Task objective: When you reach the line in the data below that contains "Vintage Postmodern Space", please start repeating lines exactly, and stop after the line that contains "Hairuwear Hairdo Trendy", repeating nothing else.

Records provided:
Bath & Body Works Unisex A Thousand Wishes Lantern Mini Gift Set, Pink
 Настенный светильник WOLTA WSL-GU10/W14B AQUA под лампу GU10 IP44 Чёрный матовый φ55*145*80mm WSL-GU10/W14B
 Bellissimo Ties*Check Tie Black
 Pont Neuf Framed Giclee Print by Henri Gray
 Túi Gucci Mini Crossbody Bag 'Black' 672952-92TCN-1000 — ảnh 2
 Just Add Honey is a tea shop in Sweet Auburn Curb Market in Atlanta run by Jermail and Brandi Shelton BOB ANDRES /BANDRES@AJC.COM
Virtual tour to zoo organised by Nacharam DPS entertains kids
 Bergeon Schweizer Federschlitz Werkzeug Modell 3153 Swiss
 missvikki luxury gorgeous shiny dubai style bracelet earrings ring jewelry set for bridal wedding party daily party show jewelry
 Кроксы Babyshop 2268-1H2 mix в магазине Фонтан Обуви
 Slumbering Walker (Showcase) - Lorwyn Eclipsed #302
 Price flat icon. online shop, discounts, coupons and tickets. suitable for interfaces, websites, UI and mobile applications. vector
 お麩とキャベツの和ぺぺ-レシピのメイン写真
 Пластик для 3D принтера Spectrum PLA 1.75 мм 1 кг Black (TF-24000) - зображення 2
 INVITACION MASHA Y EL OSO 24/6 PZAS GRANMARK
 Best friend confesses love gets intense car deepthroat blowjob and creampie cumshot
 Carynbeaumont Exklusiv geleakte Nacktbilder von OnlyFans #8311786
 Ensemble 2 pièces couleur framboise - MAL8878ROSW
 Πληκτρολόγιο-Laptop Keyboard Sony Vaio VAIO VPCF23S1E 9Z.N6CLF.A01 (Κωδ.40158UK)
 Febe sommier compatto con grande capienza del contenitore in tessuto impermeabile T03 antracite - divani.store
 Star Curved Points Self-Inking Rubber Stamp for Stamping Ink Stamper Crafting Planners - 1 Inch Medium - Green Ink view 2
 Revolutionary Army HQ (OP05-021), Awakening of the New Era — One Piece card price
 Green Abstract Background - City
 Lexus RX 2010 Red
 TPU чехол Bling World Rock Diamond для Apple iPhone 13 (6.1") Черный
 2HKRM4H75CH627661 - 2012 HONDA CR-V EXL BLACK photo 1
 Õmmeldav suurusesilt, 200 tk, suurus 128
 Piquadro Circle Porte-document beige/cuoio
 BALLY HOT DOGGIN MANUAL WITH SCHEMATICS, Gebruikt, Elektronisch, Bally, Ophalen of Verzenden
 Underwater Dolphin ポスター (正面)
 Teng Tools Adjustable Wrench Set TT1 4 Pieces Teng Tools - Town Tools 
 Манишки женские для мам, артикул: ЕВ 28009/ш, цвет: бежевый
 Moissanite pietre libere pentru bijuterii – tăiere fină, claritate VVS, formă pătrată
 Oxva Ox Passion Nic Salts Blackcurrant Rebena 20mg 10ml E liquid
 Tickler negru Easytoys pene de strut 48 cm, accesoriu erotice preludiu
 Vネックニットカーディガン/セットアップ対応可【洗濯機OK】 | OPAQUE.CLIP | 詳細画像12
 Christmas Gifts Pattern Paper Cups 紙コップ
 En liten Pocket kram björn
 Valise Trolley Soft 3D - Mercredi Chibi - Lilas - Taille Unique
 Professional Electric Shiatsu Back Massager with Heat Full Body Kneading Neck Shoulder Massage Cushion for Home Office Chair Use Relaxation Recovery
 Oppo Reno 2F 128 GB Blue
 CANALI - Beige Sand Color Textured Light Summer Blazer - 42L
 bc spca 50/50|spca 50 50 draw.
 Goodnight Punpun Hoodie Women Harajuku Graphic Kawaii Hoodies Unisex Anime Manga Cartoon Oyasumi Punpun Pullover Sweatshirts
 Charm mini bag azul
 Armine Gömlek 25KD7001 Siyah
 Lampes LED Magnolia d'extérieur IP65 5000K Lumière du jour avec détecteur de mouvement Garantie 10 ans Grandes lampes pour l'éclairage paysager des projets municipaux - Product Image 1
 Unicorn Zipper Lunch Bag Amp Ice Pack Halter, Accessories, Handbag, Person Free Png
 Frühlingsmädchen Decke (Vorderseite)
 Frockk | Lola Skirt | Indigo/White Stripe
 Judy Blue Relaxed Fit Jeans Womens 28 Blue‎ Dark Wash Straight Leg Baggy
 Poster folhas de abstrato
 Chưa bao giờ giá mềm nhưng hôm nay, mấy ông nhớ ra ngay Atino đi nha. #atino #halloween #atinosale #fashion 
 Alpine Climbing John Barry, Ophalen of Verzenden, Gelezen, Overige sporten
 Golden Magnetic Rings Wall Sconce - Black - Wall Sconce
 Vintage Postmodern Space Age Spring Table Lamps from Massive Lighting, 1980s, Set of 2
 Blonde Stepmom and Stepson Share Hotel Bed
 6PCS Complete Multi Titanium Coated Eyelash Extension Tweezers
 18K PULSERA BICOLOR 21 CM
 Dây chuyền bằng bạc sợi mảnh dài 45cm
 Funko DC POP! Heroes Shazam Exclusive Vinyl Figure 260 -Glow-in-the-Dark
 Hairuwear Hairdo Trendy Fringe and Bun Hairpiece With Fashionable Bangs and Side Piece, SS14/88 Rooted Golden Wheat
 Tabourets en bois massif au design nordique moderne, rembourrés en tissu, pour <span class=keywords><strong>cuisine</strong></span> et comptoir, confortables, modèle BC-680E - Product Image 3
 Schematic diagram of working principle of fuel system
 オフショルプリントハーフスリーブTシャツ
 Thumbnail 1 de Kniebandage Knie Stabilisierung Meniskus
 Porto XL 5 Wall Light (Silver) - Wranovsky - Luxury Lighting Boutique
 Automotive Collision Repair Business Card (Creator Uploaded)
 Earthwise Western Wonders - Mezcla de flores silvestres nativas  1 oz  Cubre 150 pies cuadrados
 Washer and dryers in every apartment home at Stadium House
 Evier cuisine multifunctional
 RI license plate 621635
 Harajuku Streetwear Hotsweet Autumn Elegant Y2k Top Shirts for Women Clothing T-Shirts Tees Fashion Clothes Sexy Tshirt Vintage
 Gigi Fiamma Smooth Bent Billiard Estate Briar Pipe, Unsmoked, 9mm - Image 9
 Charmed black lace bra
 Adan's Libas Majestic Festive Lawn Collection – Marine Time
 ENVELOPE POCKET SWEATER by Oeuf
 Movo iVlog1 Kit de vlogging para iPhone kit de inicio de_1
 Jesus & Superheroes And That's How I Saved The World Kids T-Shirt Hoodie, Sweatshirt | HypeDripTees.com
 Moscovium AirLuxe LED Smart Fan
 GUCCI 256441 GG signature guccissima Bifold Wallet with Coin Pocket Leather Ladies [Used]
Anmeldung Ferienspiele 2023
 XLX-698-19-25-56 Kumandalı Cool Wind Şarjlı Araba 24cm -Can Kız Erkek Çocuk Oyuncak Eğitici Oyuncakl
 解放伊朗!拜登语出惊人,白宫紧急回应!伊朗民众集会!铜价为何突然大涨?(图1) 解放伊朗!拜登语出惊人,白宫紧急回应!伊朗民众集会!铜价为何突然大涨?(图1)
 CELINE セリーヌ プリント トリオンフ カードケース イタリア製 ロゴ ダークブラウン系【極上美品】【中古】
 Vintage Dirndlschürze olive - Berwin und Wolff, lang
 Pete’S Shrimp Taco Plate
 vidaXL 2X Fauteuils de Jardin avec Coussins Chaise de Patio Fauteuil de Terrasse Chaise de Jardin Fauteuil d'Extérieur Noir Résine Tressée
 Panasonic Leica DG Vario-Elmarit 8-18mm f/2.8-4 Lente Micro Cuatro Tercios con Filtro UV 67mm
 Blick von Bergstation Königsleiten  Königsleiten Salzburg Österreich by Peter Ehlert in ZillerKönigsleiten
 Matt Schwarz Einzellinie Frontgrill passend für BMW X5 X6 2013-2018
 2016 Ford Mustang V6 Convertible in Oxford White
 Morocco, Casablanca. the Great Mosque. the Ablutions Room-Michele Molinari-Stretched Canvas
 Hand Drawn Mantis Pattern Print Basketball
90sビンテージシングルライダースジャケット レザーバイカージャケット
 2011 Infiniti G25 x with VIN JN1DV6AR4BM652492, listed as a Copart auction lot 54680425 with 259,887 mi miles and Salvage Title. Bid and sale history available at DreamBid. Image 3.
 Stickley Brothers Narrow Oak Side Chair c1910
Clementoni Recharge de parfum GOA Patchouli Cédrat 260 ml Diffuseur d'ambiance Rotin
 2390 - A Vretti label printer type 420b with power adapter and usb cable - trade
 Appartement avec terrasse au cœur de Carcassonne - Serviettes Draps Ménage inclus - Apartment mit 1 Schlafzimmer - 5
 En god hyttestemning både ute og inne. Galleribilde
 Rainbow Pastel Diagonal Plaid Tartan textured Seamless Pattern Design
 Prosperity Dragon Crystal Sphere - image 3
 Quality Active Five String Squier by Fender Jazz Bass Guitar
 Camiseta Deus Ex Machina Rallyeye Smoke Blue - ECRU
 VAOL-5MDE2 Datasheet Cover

Solution for this task:
 Vintage Postmodern Space Age Spring Table Lamps from Massive Lighting, 1980s, Set of 2
 Blonde Stepmom and Stepson Share Hotel Bed
 6PCS Complete Multi Titanium Coated Eyelash Extension Tweezers
 18K PULSERA BICOLOR 21 CM
 Dây chuyền bằng bạc sợi mảnh dài 45cm
 Funko DC POP! Heroes Shazam Exclusive Vinyl Figure 260 -Glow-in-the-Dark
 Hairuwear Hairdo Trendy Fringe and Bun Hairpiece With Fashionable Bangs and Side Piece, SS14/88 Rooted Golden Wheat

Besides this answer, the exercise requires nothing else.